Try it —
In the entries that follow, the lines from the one with "Anlagenmechaniker Elektroniker" through the one with "Official Kala Learn" are the ones to write out, exactly and with both ends included. Nothing else should appear.

==== Data

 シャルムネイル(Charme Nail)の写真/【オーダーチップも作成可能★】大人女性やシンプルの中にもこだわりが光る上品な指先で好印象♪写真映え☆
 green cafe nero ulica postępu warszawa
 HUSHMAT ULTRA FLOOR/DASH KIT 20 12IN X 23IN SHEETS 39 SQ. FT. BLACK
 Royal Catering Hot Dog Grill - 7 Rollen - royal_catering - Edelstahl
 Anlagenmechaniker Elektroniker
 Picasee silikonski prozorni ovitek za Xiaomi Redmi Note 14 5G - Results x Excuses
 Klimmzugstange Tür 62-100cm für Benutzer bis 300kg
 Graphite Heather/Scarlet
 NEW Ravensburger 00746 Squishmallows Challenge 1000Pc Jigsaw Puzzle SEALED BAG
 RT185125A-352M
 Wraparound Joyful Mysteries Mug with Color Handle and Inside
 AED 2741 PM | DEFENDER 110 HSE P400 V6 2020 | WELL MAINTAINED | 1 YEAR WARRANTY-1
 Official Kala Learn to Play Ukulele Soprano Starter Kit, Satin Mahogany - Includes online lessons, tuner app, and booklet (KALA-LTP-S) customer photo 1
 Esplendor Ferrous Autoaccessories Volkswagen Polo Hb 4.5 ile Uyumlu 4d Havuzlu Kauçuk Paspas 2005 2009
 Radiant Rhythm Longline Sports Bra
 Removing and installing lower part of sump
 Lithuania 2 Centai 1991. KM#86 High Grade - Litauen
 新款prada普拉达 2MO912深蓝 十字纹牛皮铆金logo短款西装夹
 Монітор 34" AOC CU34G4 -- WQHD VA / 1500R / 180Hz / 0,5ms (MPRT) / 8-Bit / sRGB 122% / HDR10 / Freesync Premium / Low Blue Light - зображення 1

========

Expected answer —
 Anlagenmechaniker Elektroniker
 Picasee silikonski prozorni ovitek za Xiaomi Redmi Note 14 5G - Results x Excuses
 Klimmzugstange Tür 62-100cm für Benutzer bis 300kg
 Graphite Heather/Scarlet
 NEW Ravensburger 00746 Squishmallows Challenge 1000Pc Jigsaw Puzzle SEALED BAG
 RT185125A-352M
 Wraparound Joyful Mysteries Mug with Color Handle and Inside
 AED 2741 PM | DEFENDER 110 HSE P400 V6 2020 | WELL MAINTAINED | 1 YEAR WARRANTY-1
 Official Kala Learn to Play Ukulele Soprano Starter Kit, Satin Mahogany - Includes online lessons, tuner app, and booklet (KALA-LTP-S) customer photo 1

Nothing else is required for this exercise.